‘We Live in a World of Big Data’.

From social media to social networks, machine learning to machine building, health information is easier to capture and analyze more than ever before. Biostatistics plays a central role in evaluating this data to better understand and tackle the health challenges that individuals and populations face across the globe.
On Friday, November 15, the School of Public Health hosted the daylong symposium “Statistics and the Life Sciences: Creating a Healthier World” to explore the statistical progress and challenges in collecting, understanding, and utilizing data pertaining to a variety of health behaviors and diseases.
The symposium was organized by Josée Dupuis, chair and professor of biostatistics, and Eric Kolaczyk, professor and data science faculty fellow in the Department of Mathematics and Statistics at Boston University, and cohosted with the American Statistical Association, the Institute for Mathematical Statistics, and the National Institute of Statistical Sciences. Scholars from biostatistics, computer science, pharmacology, medicine, and more gathered for in-depth discussions that centered around three critical areas of the health sciences: digital health, machine learning in causal inference, and networks for public health.
In opening remarks to a full audience in Hiebert Lounge, BU President Robert Brown reflected on how advancements in data storage and computing power have transformed the way health experts address perplexing questions and have “given us promise for understanding a myriad of factors that determine our health.” He said that one of BU’s major initiatives is to expand data science resources across the entire University. A state-of-the-art Center for Computing & Data Sciences is set to open in 2022.
“One of the biggest challenges facing universities is preparing all of our students to live and work in a data science-driven world,” Brown said. “Our goal is to put data sciences in every one of our 17 schools and colleges.”
In an interactive format with presentations, panel discussions, and questions from the audience, 18 speakers shared their data-driven work in a range of subjects, such as personalized interventions in public health, digital monitoring of home-based physical therapy, digital measurements in pharmaceutical development, the role of domain knowledge, and social network data analysis.

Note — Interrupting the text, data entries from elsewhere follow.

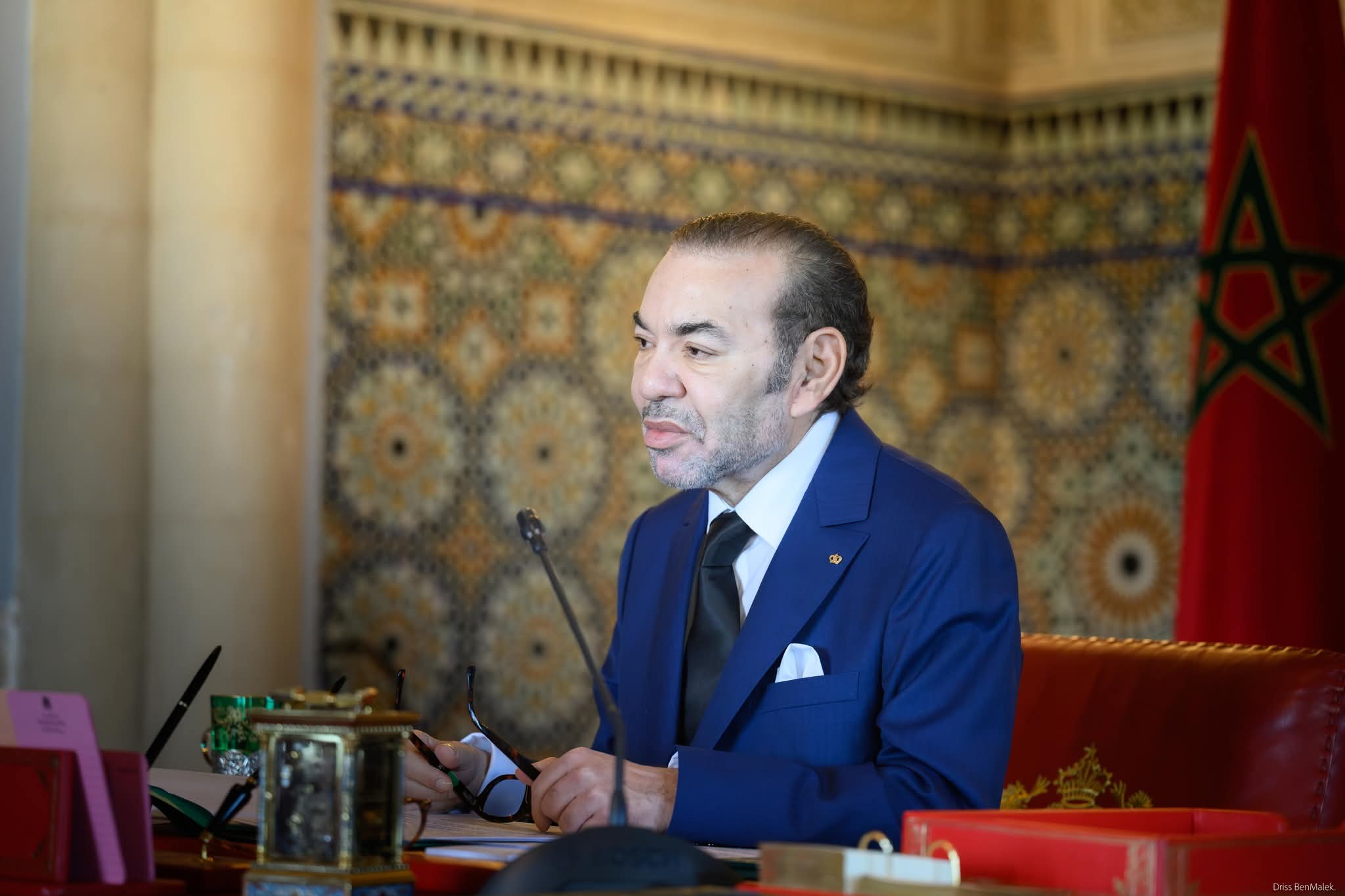 جلالة الملك يترأس بالرباط مجلسا وزاريا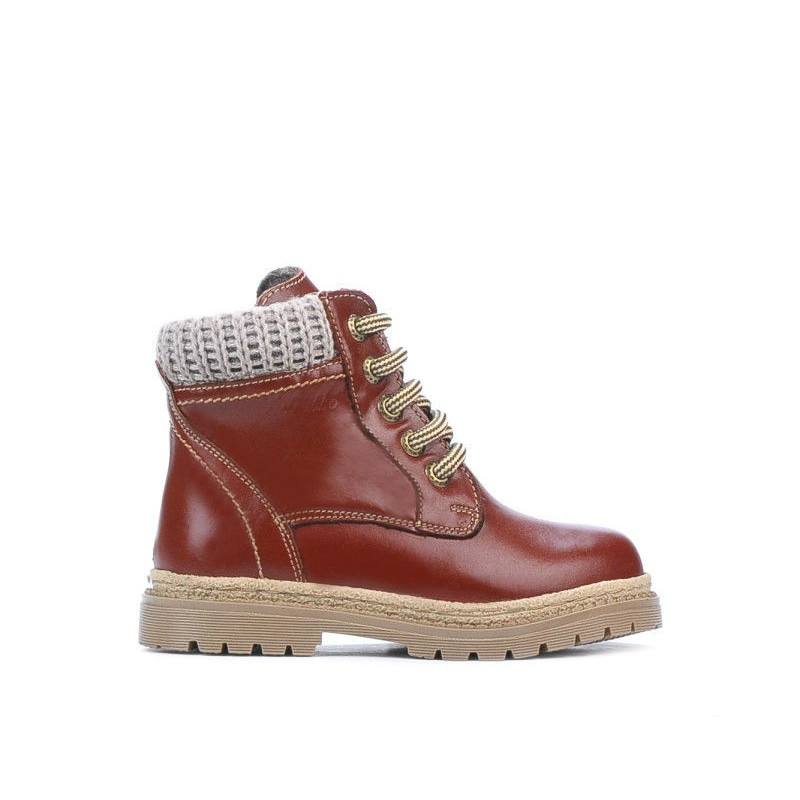 Kleine Kinderschuhe 29-1c braun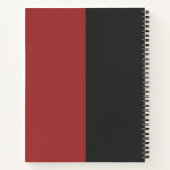 Fleur De Lis Notitieboek (Achterkant)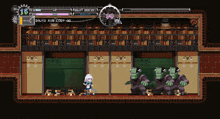 a screenshot of a video game with the number 15 on the top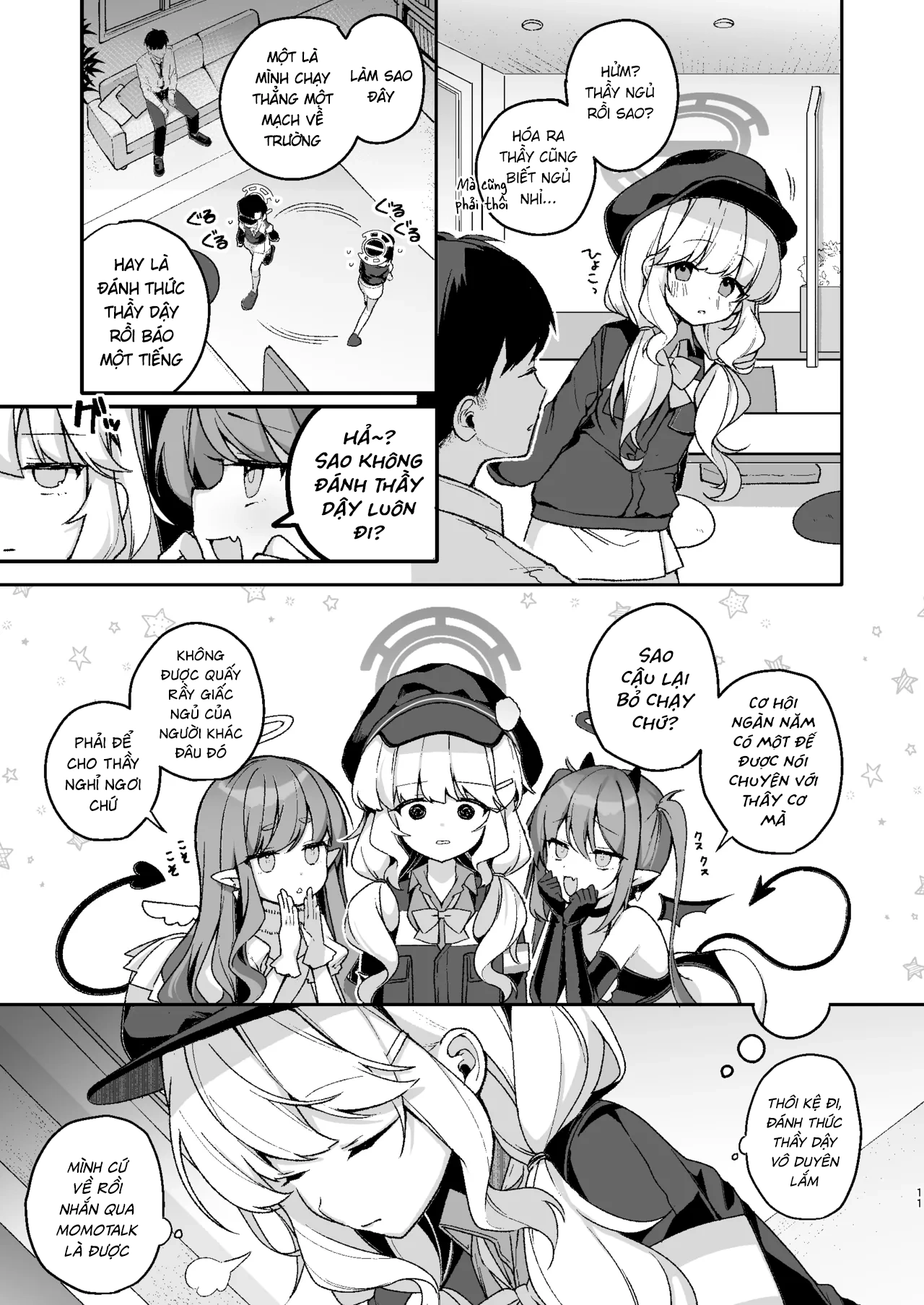 Kỉ niệm gái hư - Oneshot khô dái chỉ vì gái hư quá peak - 9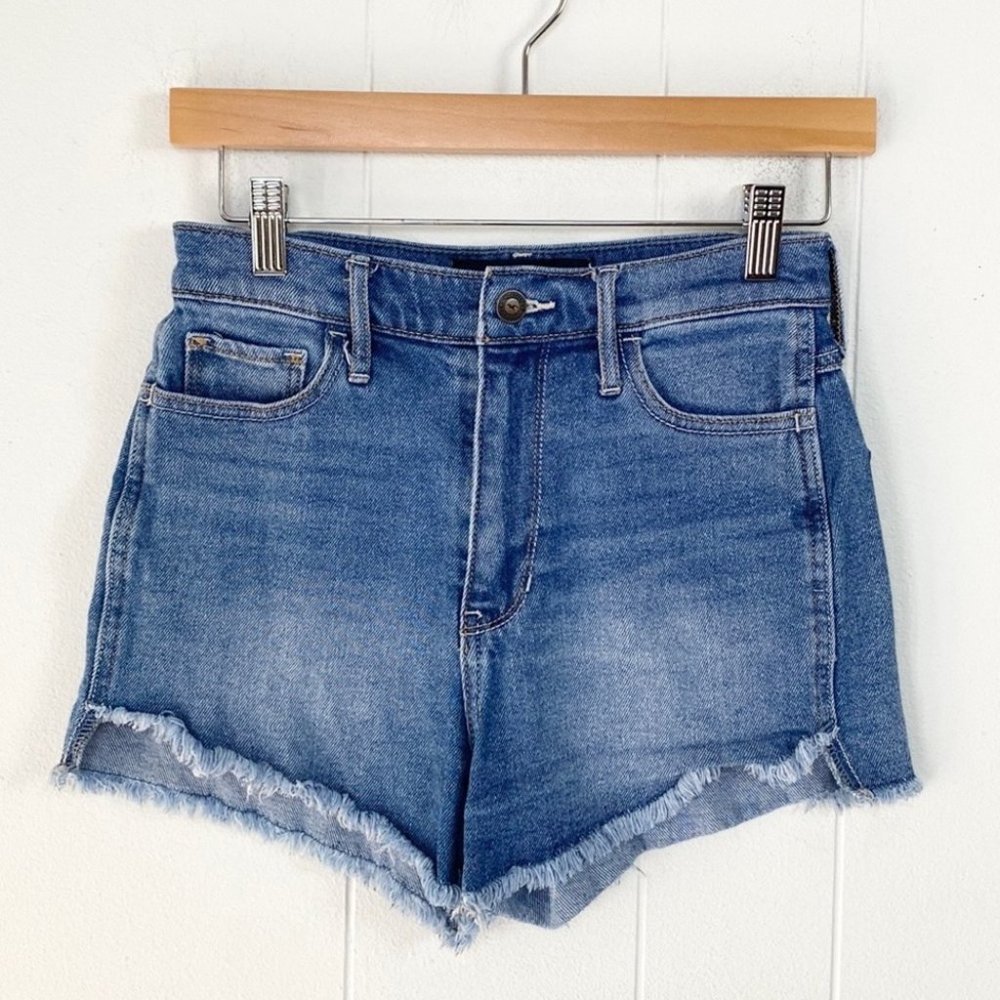 Hollister Blue Jean Shorts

Susan Murphy, professor of statistics at Harvard University, spoke about a micro-randomized trial design that she developed to assess the effectiveness of HeartSteps, a mobile application that acts as a virtual health coach for people at risk of heart disease by encouraging them to engage in physical activity. Utilizing personal data collected through a wearable band, smartphone sensors, and self-reporting, the app delivered and continually optimized individually tailored “treatments” in the form of physical activity suggestions based on their daily schedules and walking habits.

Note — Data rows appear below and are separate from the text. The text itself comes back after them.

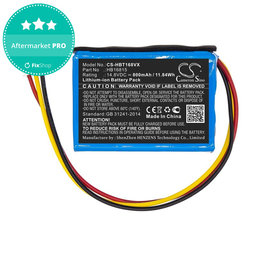 Baterie pro Hobot 168, 188, 198, 268, 288, 298, 368, 388, 800mAh, Li-Ion, 14.8V, HB16815, HQ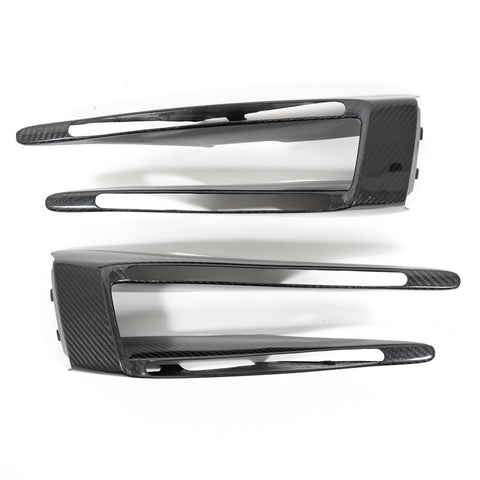 Rennline Carbon Fiber Grille Slats for Macan: Hand-laid carbon fiber with UV gloss clearcoat, OEM+ fit. shop now at PMB Performance.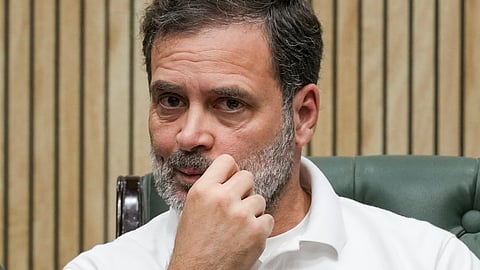 மக்களவை எதிர்க்கட்சித் தலைவர் ராகுல் காந்தி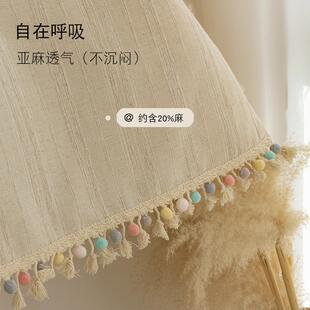 zsh日式门帘隔FS758087断卧室家帘用房半帘厨生间卫半截短款遮挡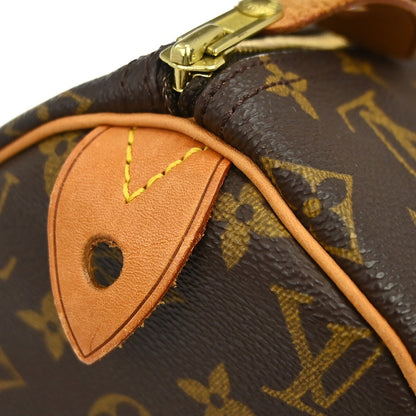 Louis Vuitton Monogram Speedy 40 Duffle Handbag Classica
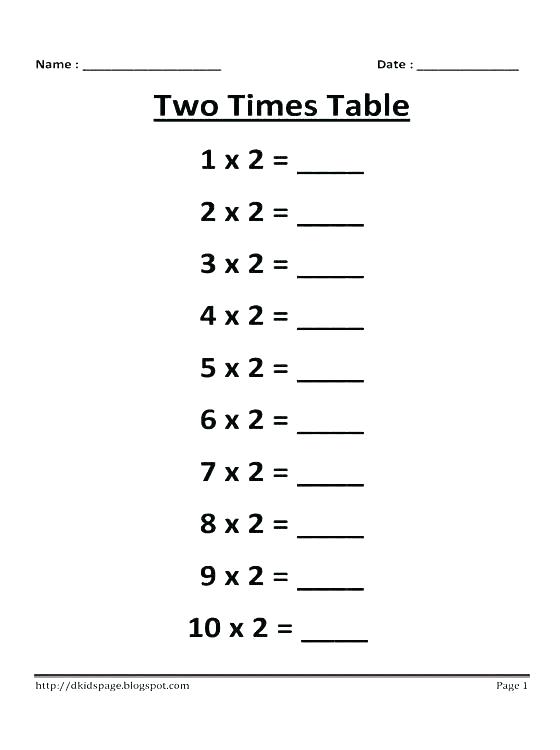 Grade 3 Times Table Free Worksheets Table Photo Stat Free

“We all know that our behaviors form the major risk factors for many of the chronic problems that we later experience,” Murphy said. “Mobile health is about helping people change their behaviors.”
During a session on machine learning and causal inference, speakers examined the methodological opportunities and challenges in using machine learning to understand world patterns, and improve patient care and health outcomes. Beth Ann Griffin, senior statistician and co-director of the RAND Center for Causal Inference at the RAND Corporation, spoke about the importance of causal effects, and how machine learning can be used to estimate propensity scores.
“We live in a world of big data,” Griffin said, and to estimate causal effects, statisticians need to understand when and how this data can be used. “Using machine learning to estimate propensity scores has improved the science of statistics by reducing bias and improving precision,” she said.
David Dunson, professor of statistical science and mathematics at Duke University, provided a keynote speech on network data analysis, which was followed by a panel discussion among statistics and sociology scholars on the impact of social networks on health.
“Mental health and behavior outcomes have an enormous public health impact, but mental health is difficult to assess,” said Dunson. Thanks to recent advancements in imaging technology, neuroscientists can now measure an individual’s physical brain connection structure and assess the relationship between brain structure and the traits of an individual.
In closing remarks, Bhramar Mukherjee, chair of biostatistics at the University of Michigan School of Public Health, revisited the major themes of the day.
“We saw today that different classes of scientific problems require different classes of techniques, and we also recognized the importance of incorporating domain knowledge into all of the brilliant statistics and data science work that is being done,” Mukherjee said. “This symposium was about human health and life sciences. There is more to life than prediction, and we saw a lot of examples of that today.”